森山未來が主演を務めた映画「大いなる不在」の監督・近浦啓がキャスティング秘話を語ったインタビューが到着した。

「コンプリシティ/優しい共犯」で第19回東京フィルメックスの観客賞を受賞した近浦が、実体験に着想を得て制作した本作。主人公の卓(たかし)は幼い頃に家族を捨てた父・陽二が警察に捕まったという報せを受ける。久しぶりに再会した陽二は認知症で別人のように変わっており、再婚相手の義母も行方がわからなくなっていた。やがて卓は、陽二と義母の生活を調べ始める。

卓役に森山、陽二役に藤竜也をキャスティングした理由について、近浦は「1人の映画ファンとしての単純な欲望を純粋に叶えようとしたということです。森山さんと藤さんは役者さんとしての出自は全然違うし、お芝居のタイプも全然違う。だからこの組み合わせはもう感覚的なひらめき、発見以外の何物でもない」と明かす。森山に関しては、公式サイトの問い合わせフォームから近浦自ら出演依頼のメールを送ったそうで「もし森山さんに断られていたら、この映画を作っていなかったです。代役は一切考えられなかった」と伝え、オファーを受けた森山は「今の日本映画界によくある立ち上がり方とはまた違うプロセスで、かつちゃんと映画作りがしたいという思いや考え方に惹かれました」と述べた。
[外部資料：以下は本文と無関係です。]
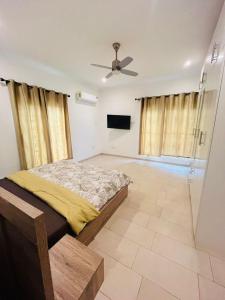 a bedroom with a bed and a ceiling fan at Teiman Apartments in Teiman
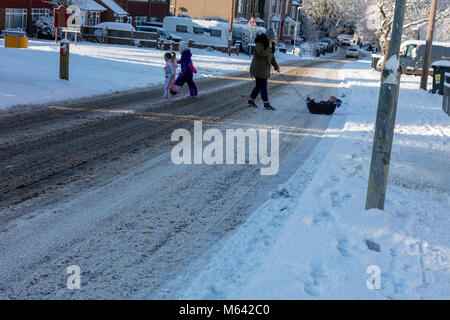 Herne, Kent, UK, 28 février 2018. Météo UK News:Après une forte chute de neige dans la région de Canterbury East Ken ,du jour au lendemain. Le soleil apparaît dans le village de Herne à mesure que la circulation des bus et de lutte sur le A291, les enfants jouent sur les pistes dans leurs luges. Richard Donovan/Alamy Live News Banque D'Images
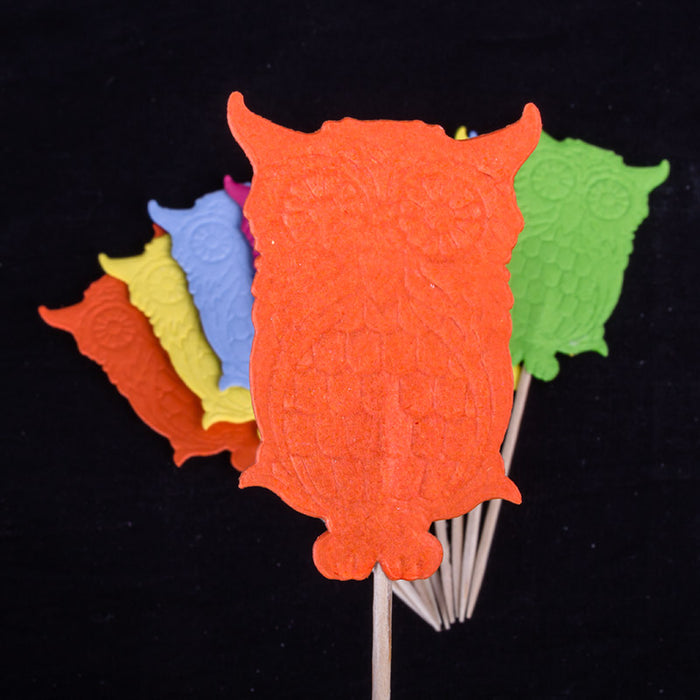 Colorful owl-shaped cupcake toppers on sticks against a black background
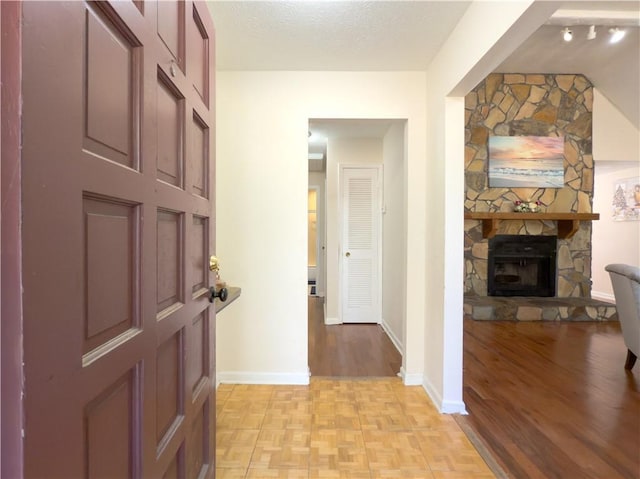 hall with a textured ceiling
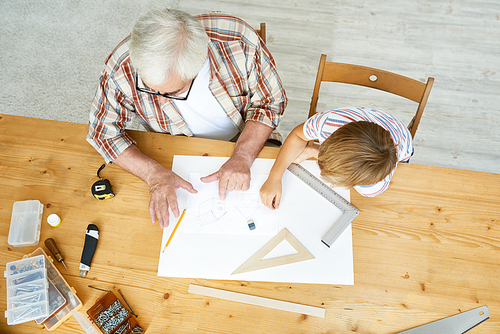 Above view portrait of little boy and granddad sitting together at desk sketching plan of birdhouse for school project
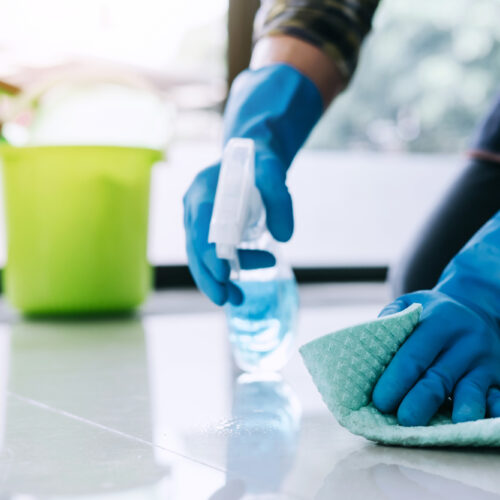 Husband housekeeping and cleaning concept, Happy young man in blue rubber gloves wiping dust using a spray and a duster while cleaning on floor at home.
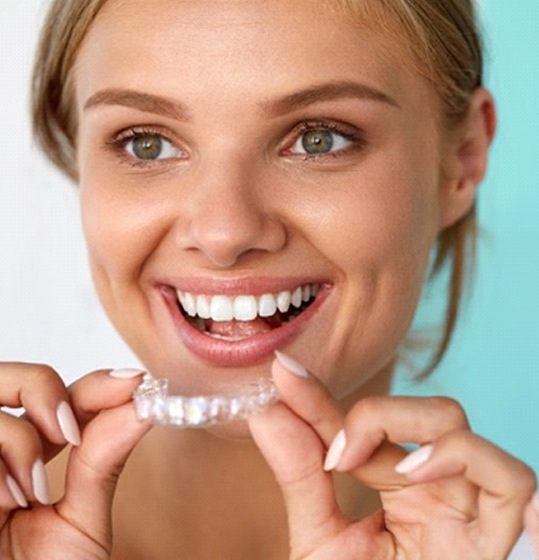 A woman holding a clear aligner.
藤とは、近浦が初めて手がけた短編「Empty House」、長編第1作「コンプリシティ/優しい共犯」に続く3度目のタッグとなった。近浦は大島渚の監督作「愛のコリーダ」での最初の“藤竜也体験”を回顧しながら「自分が映画を作るならこんな役者と仕事がしたいと、まだ学生の頃から思い続けていました」「常に新しいものを作ろうとしている真摯さ、気迫がある」と語る。また芝居に対する藤の姿勢に言及し「細かく人物造形の話をするというより、現場に身を置きながら、鋭い感度で役の芯をつかみ取り、その人生を生きていく──そういった役者だと思います」と信頼をにじませた。

真木よう子、原日出子も出演した「大いなる不在」は7月12日より東京・テアトル新宿、TOHOシネマズ シャンテほか全国で順次上映。7月19日からは、ギャガの配給にて米ニューヨークのアンジェリカ・フィルム・センターでも劇場公開されることが決定した。